Dataset excerpts

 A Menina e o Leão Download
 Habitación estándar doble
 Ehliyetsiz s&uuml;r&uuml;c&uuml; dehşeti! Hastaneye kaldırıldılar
...
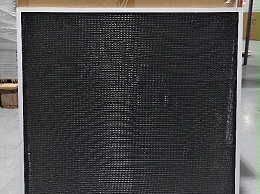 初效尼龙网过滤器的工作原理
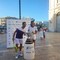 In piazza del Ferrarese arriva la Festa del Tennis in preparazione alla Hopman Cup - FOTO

Exercise brief
In the entries above, find the line holding "A Menina e o Leão Download" and the line holding "Ehliyetsiz s&uuml;r&uuml;c&uuml; dehşeti!"; print both of them and every line between, exactly, and nothing else.

Result of this exercise
 A Menina e o Leão Download
 Habitación estándar doble
 Ehliyetsiz s&uuml;r&uuml;c&uuml; dehşeti! Hastaneye kaldırıldılar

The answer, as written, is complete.